#### RECORDS TO PROCESS:
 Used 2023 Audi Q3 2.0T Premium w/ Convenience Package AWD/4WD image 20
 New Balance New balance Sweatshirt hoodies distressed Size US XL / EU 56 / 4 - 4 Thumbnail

---

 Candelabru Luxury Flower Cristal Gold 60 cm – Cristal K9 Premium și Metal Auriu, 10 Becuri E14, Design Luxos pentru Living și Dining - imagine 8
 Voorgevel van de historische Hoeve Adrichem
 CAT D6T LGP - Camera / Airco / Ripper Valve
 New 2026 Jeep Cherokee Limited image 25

#### TASK DIRECTIONS:
Copy every line of the entries above in which "Premium" occurs.

#### REPLY TO THE TASK:
 Used 2023 Audi Q3 2.0T Premium w/ Convenience Package AWD/4WD image 20
 Candelabru Luxury Flower Cristal Gold 60 cm – Cristal K9 Premium și Metal Auriu, 10 Becuri E14, Design Luxos pentru Living și Dining - imagine 8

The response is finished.